-- ACTIVITY --
If a record holds a picture, drop the picture and copy everything else exactly.

━━━━━━━━━━━━━━━━━━━━━━━━━━━━━━

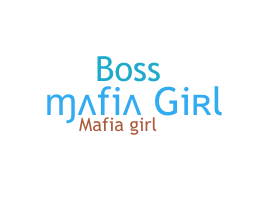 Nickname - MafiaGirl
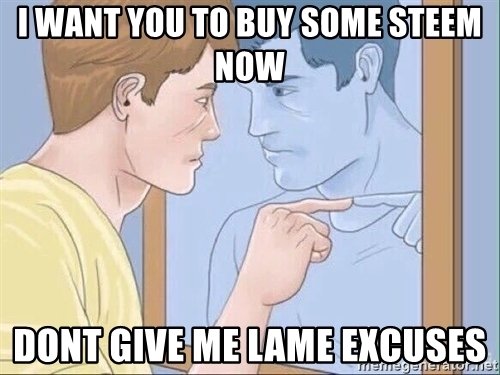 i-want-you-to-buy-some-steem-now-dont-give-me-lame-excuses.jpg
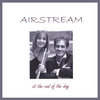 AIRSTREAM: At The End of The Day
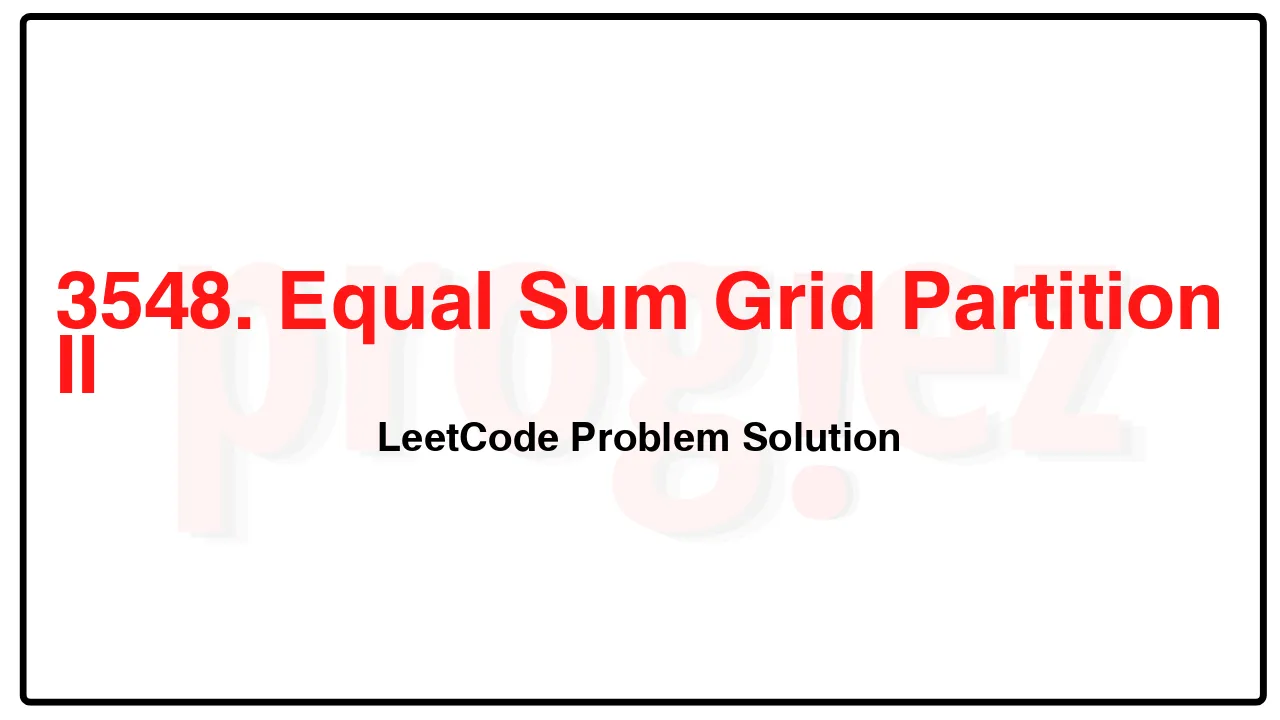 3548. Equal Sum Grid Partition II LeetCode Solution 3548. Equal Sum Grid Partition II LeetCode Solution image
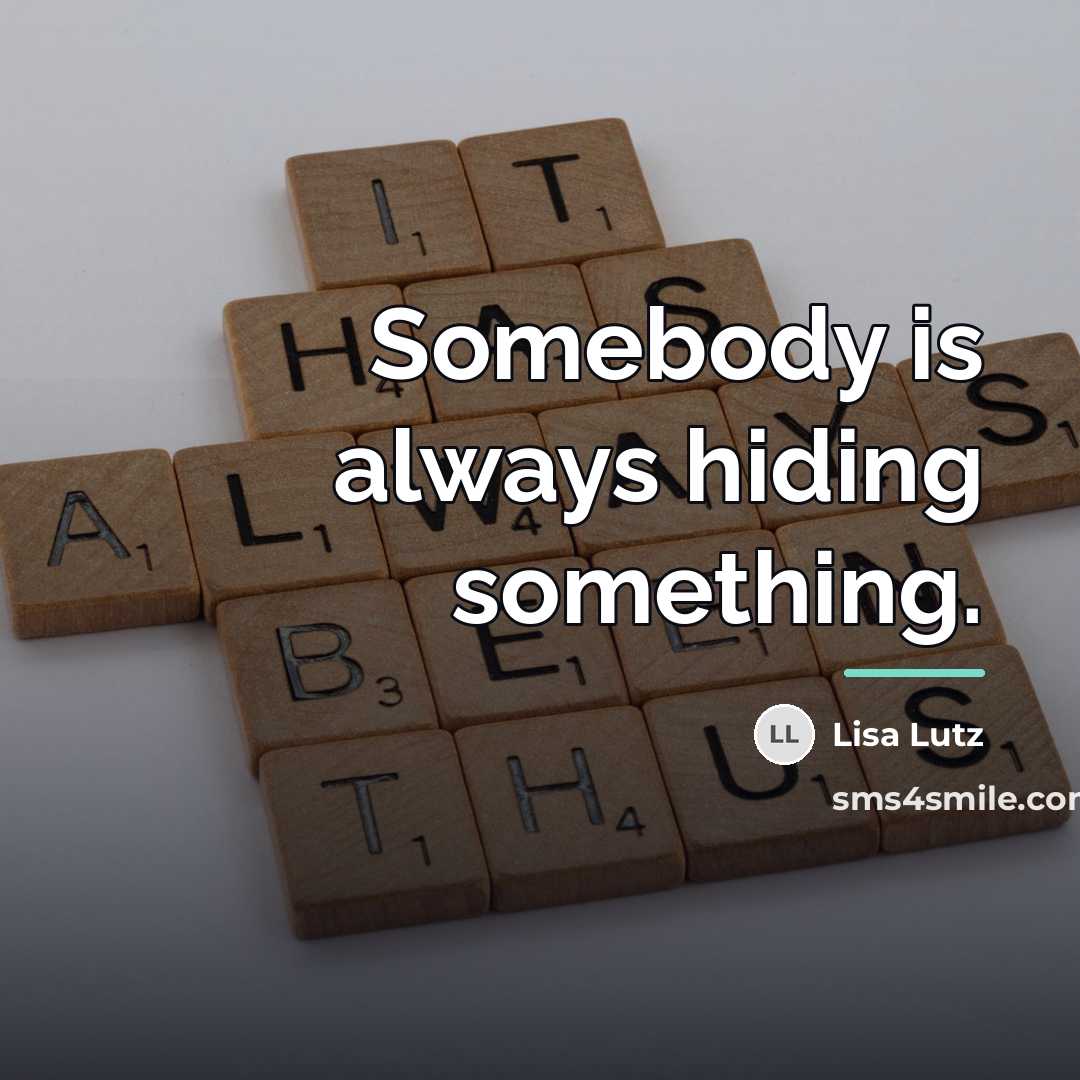 “Somebody is always hiding something.…” quote by Lisa Lutz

━━━━━━━━━━━━━━━━━━━━━━━━━━━━━━

-- REPLY --
 Nickname - MafiaGirl
 i-want-you-to-buy-some-steem-now-dont-give-me-lame-excuses.jpg
 AIRSTREAM: At The End of The Day
 3548. Equal Sum Grid Partition II LeetCode Solution 3548. Equal Sum Grid Partition II LeetCode Solution image
 “Somebody is always hiding something.…” quote by Lisa Lutz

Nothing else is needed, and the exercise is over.